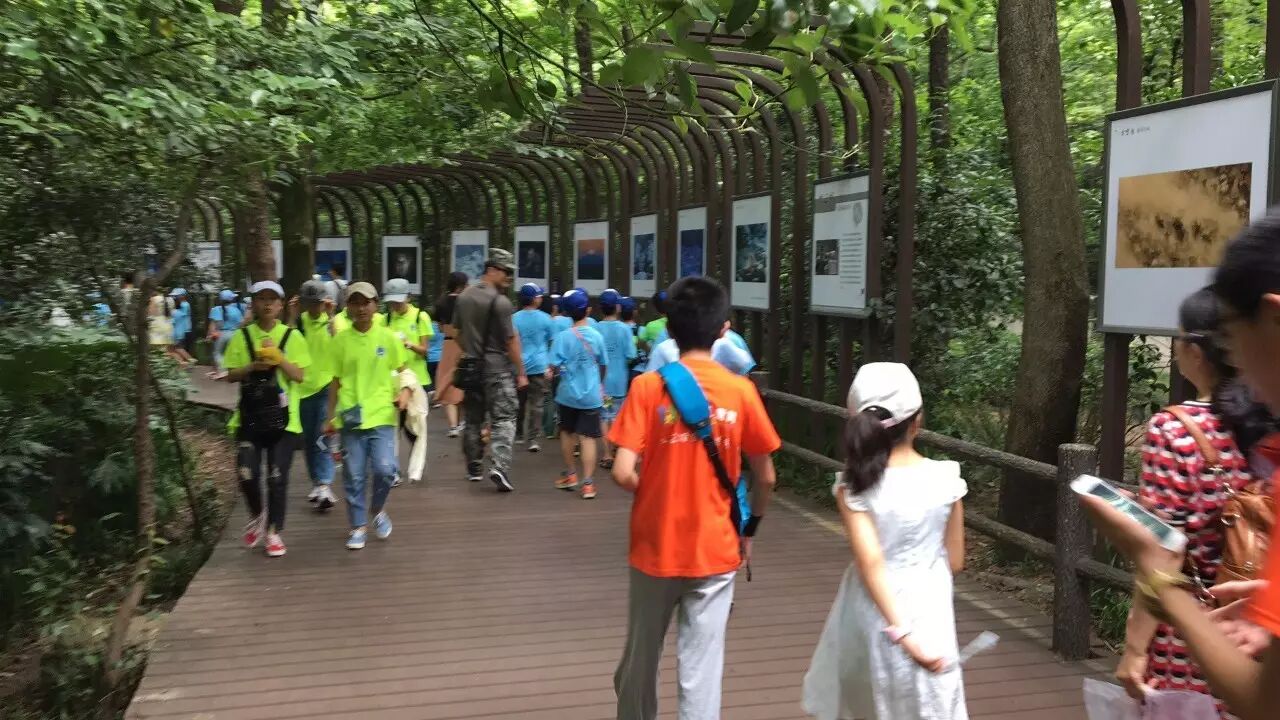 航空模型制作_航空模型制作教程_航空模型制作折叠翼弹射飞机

--

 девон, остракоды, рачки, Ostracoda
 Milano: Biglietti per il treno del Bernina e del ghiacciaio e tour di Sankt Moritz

> **Task prompt**:
Return, with no change at all, every line in the entries above from the line containing "девон, остракоды, рачки, Ostracoda" through the line containing "Milano: Biglietti per".

> **Answer space**:
 девон, остракоды, рачки, Ostracoda
 Milano: Biglietti per il treno del Bernina e del ghiacciaio e tour di Sankt Moritz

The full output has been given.